I have always built face frame cabinets but have been wanting to switch over to frameless. As I plan to rebuild, I have lots of questions and am taking any advice I can get. I plan to get a CNC router. Also a forklift, which I have never had before. What type of floor plan layout works? What ceiling height minimum would you recommend? Minimum shop size? I was a 2 -3 man shop and plan to stay that size or smaller. Minimum equipment recommendations? While retooling the entire shop I am trying to learn what equipment is needed for frameless and just where to start.
From contributor M:
Are you rebuilding in the same 7500' square foot space? If you are, I'd spec the ceiling at 16' minimum. For frameless, I'd get a case clamp, vertical panel saw, slider (with miter capability), best edgebander I could afford, and racks for material storage. Put that forklift to use.
I don't care what anyone else says, but dowels are the quickest and most efficient way (not the strongest) to construct a frameless cabinet. The case clamp will prove its worth with dowels. And it's great for cold press clamping too. If you make doweled drawers, the case clamp can squeeze 'em square all at once (if they are all the same size) in no time. A few staples through the bottoms, and done. I could go on all day about the utility of the case clamp and dowels. But alas, I am now without case clamp. I miss you, case clamp.

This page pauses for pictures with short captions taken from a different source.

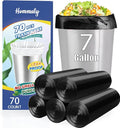 7 Gallon 70 pcs Black Trash Bags Strong Black Garbage Bags, Bathroom Trash Can by HOMMALY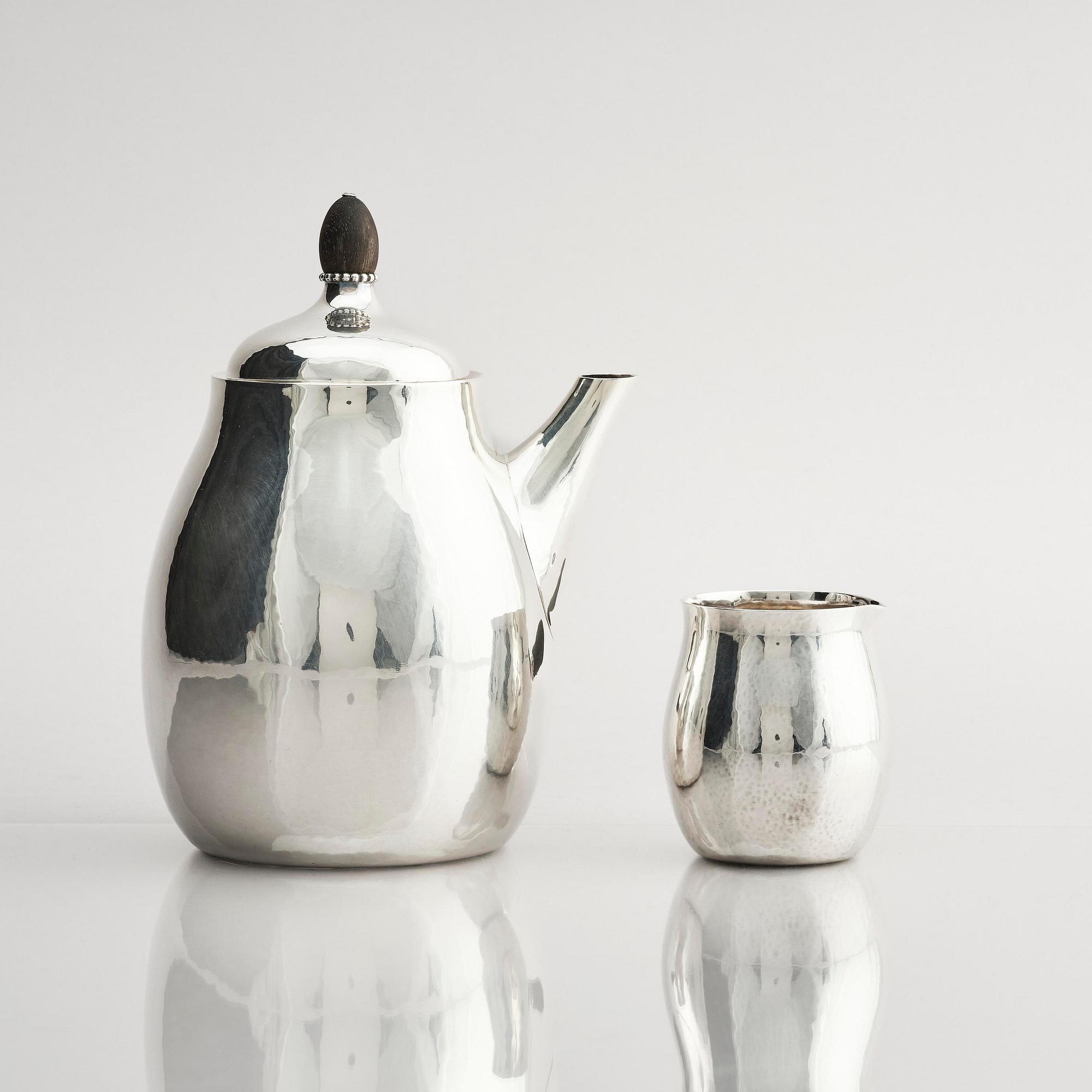 Georg Jensen, a sterling silver three-piece coffee set, Copenhagen, Denmark, after 1945, design no 80B and 80C.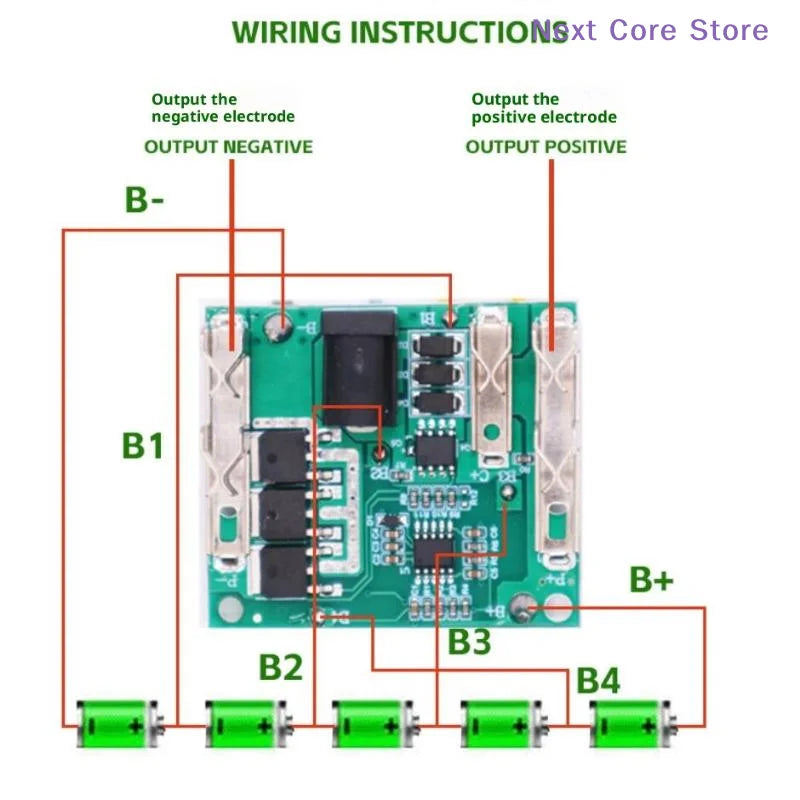 [NC]1Pcs Li-Ion Lithium Battery Pack Protection Circuit Board 5S 21V Battery Charging Protection Board BMS Module Power Tools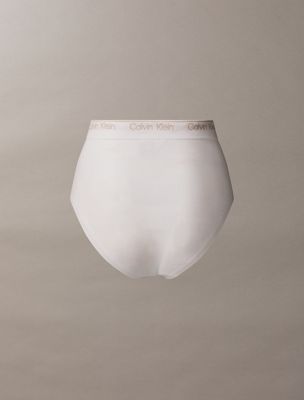 classic white high waisted briefs - icon shapewear for women calvin klein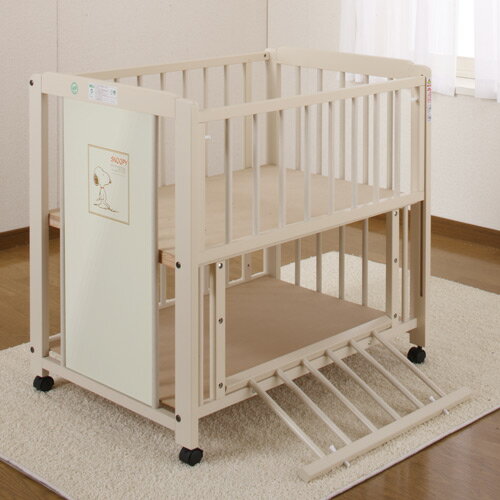 楽天市場】キンタロー 日本製ベビーベッド ミニスヌーピー棚付エコ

One good thing about the timing of this fire - the cost of good used machinery is way down right now, and there are some deals to be had on new stuff. With frameless you will need either a good sliding table saw or a panel saw that will cut your sheet goods true. Frameless is quicker and easier to put together but must be built more precise. You pretty well should know what you need with face frame cabinets. One of the other nice things about frameless is you can get away with a minimum amount of tools with the exception of the saw for a while. One thing you could do to fill the gap is outsource as many of your cabinets as possible to meet any deadlines you might have had. There are several good outfits around that will make everything and send you all the pieces.